There's also another issue. The people who screwed up are using a combination of truly bad, and badly false, arguments to excuse their failure. Obama is too far left! (In our dreams.) It was primarily the economy! Healthcare reform is very unpopular! Coakley was the worst senatorial candidate in the history of the Republic!

As long as they have even a smidgeon of power, the Dem strategists and consultants who failed so miserably will still have the power to influence the party's strategy. And sure enough, we are hearing about how Obama has to tack right (a very bad idea), we're getting a renewed populist focus on the economy (probably a good idea), Dems are abandoning healthcare reform (awful), and Coakley 's been demonized (deserved, but utterly besides the point). The finger points everywhere but at the Democratic party operatives who were in charge of electing party members to Congress, and the army of consultants, pollsters, and necromancers who they hired to help them. To say the least, they deserve a huge share of the blame for what happened.

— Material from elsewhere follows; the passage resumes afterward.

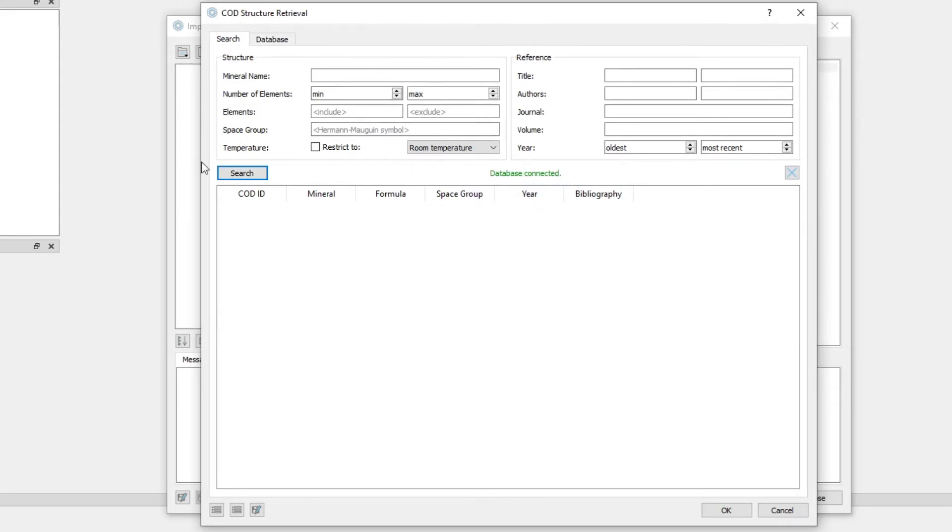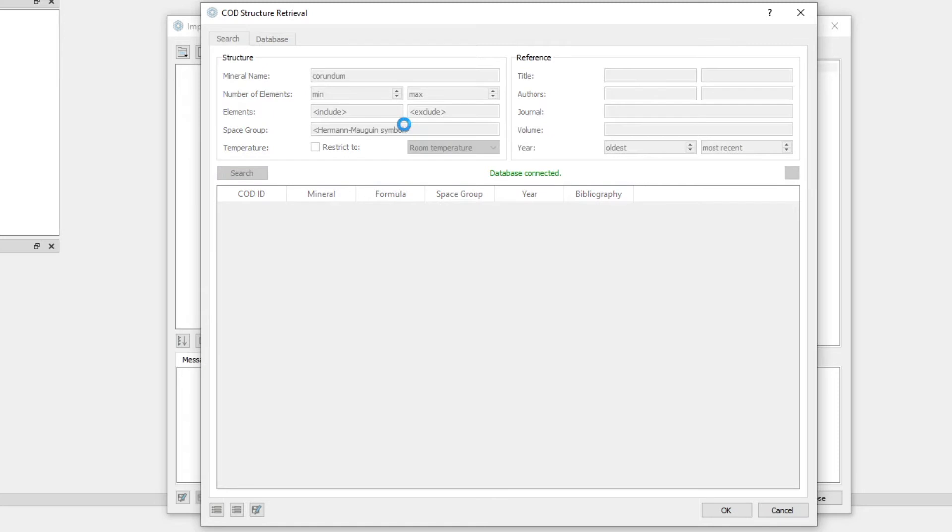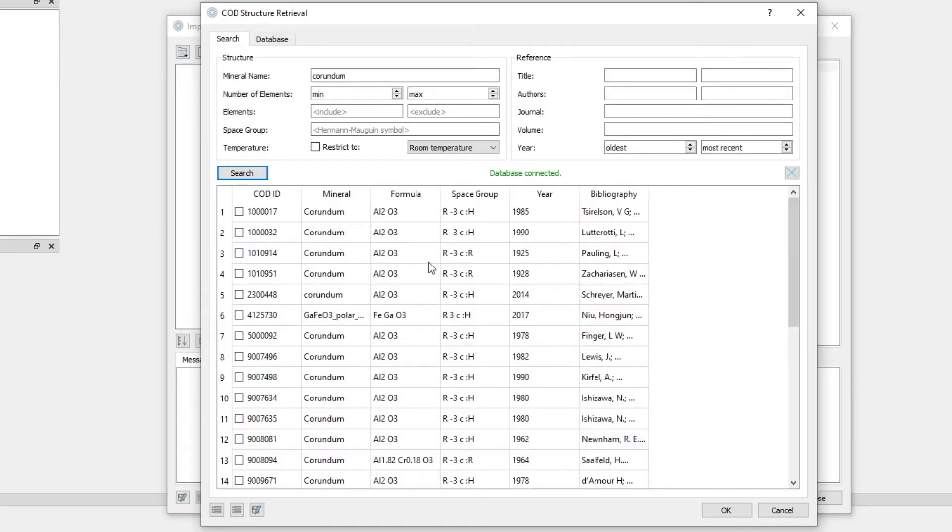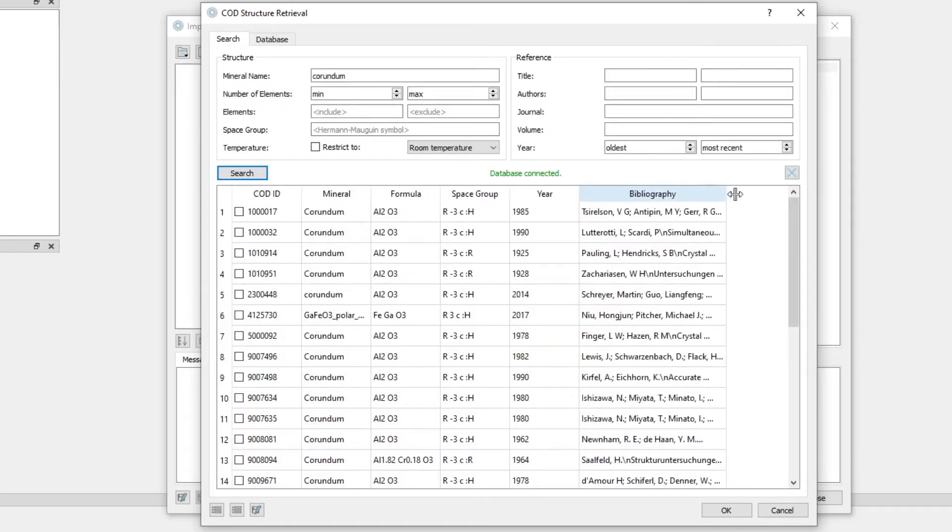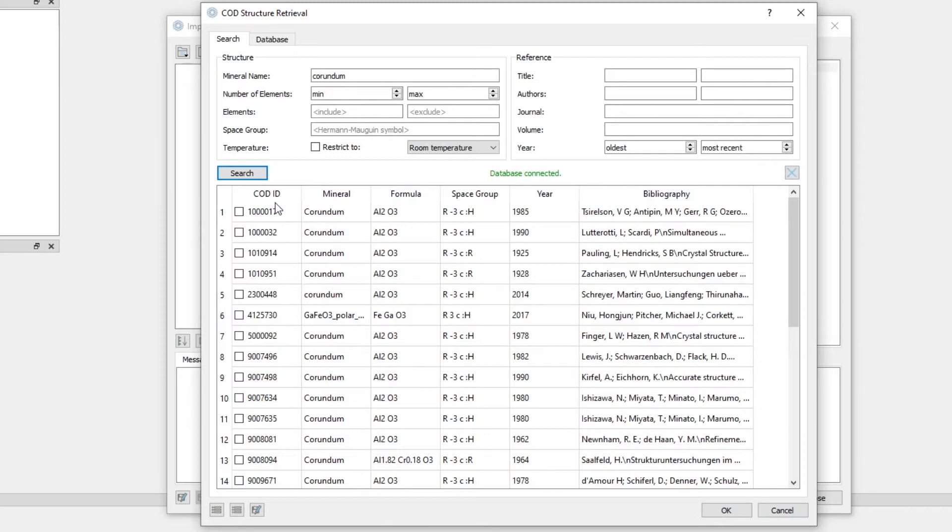Here in this form, we can search the COD database, for example, for a mineral name, Corundum. And it will give us all the entries in the COD for Corundum. And of course, we can refine the search. We can limit the number of elements to a minimum number or maximum number.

UPDATE: Joan Walsh squarely blames Obama. Sure, he screwed up royally this past year - in so many ways - but he's not who I'm talking about here. Obama didn't exactly ignore Coakley's problems; they were details that he probably assumed his team was on top of. After all, being president, he had much more to worry about than filling Kennedy's seat. It's the folks who were empowered to work full time to make sure Democrats kept their majorities (and supermajorities) that I'm focused on here. I don't mean to excuse Obama, but I'm not gonna let the people who were directly responsible for the debacle off the hook, either.

Here's an interesting aside in this game of letting the losers stay on. James Carville blames none of his fellow Democrats by name for Massachusetts (if you follow the link, you may have to register at FT to read the op-ed), and he also adopts the "circular firing squad" trope. Naturally, I can't, and won't, argue against Carville's suggestion to pin on Bush the ultimate blame for all the catastrophic situations we find ourselves in. But it was Democratic strategists who failed to see and implement that patently obvious tactic, specific Democratic strategists, and Carville fails to call them out. What makes Carville's reticence to blame particular Democratic leaders interesting is that this is the same James Carville who, immediately after the game-changing 2006 midterm victories for Democrats, blamed Howard Dean by name for not winning even more races. A further aside: Who did Carville want to replace Dean with? Harold Ford. Anyway...

Another good metric to learn whether the Dems are being serious is the speed at which they move to fire the fools. Times a'wasting, people.